Thursday, December 13, 2018

Shambling onward toward the unknown

This new cycle of grief and loneliness is distressing.  Words such as pendulum, rollercoaster, waves, we have heard them all.  All have a ring of truth, but nothing encompasses the whole.  Ups and downs, highs and lows?  More like slow tides, rising and falling, with eddies and currents ready to sweep me into the depths, then when I drown, crushed in the ocean of grief, in a flash I find myself instead gasping for air cast onto a strange sandy shore.  Sometimes I can sit on a rock and watch my daily activities dispassionately, sometimes I am the flotsam, pushed and pulled until I land on a random shoal like a forgotten flip-flop fallen from a fisherman's foot.  Certainly, I am not in control much of the time.

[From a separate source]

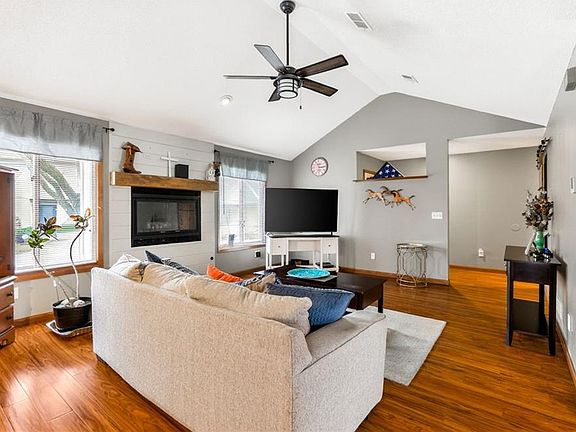 5th image of 12326 Charlotte St Unit 3D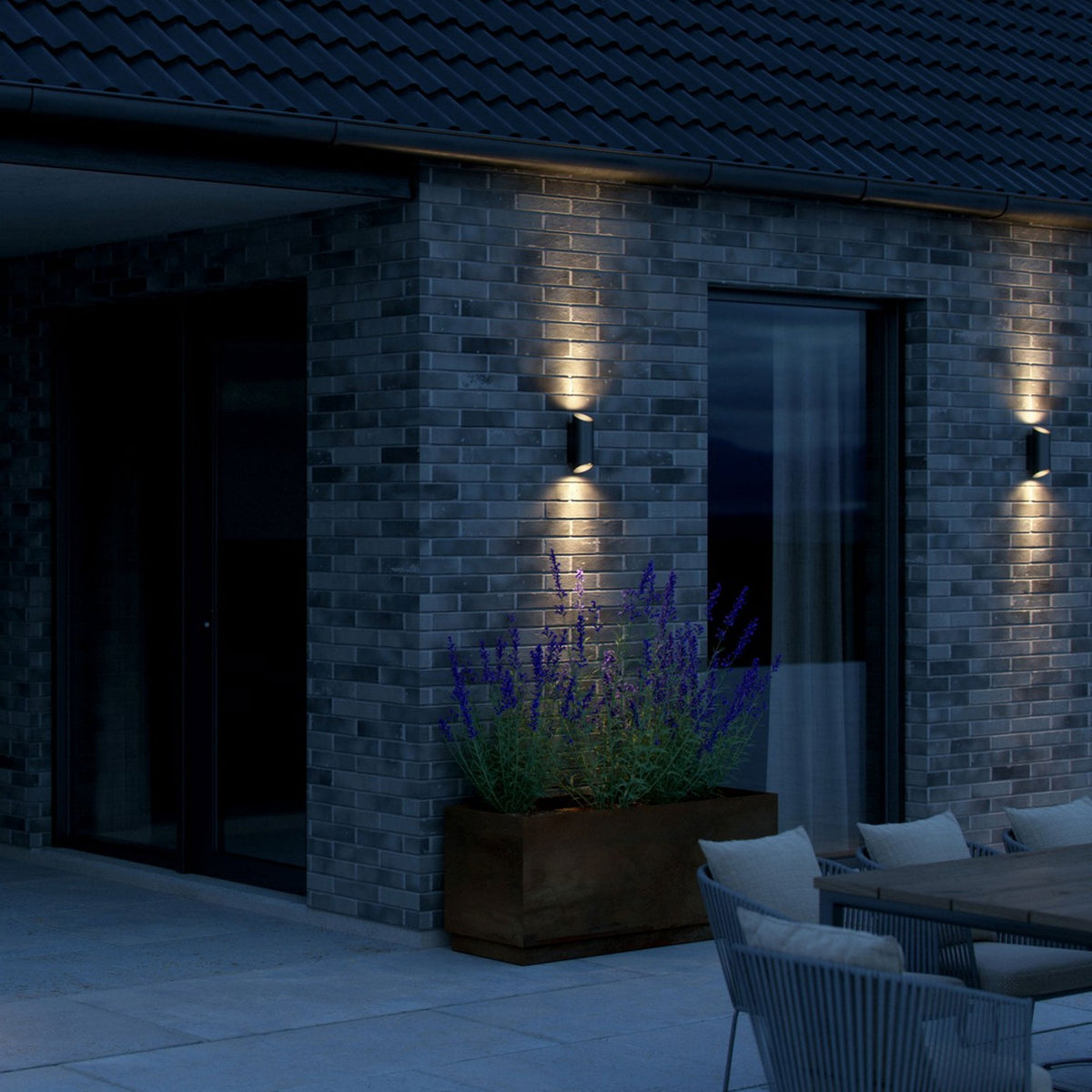Nico 22 Round Outdoor IP54 Up and Down Wall Light in Black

The terrible weekend bled over into a monstrous Monday.  Tuesday was more productive, as was Wednesday, but I can tell my brain is stressed and not in proper working order.  I make mistakes.  I am forgetful.  So easy to dive into social media and ignore the world.  Ignore the pain of Larry not being here. I want to put my arms around him and feel that slender lithe body, those strong muscles, that tickly beard.  To listen to his breath, his heartbeat.  I know I felt that one. Last. Heartbeat.  But there were supposed to be so many more.  I can't fathom this some moments. 

I painted a little.  Nothing new, just a redo of an older painting.  I touched paint, so there's progress.  I wrote to Lonny, but I am still putting off holiday cards.  I adulted, some of which I shouldn;t need to be doing at all.  Stupid adulting.

I don't know how to swim, so how can I escape this vicious riptide?  Where this ends up is hard to grasp.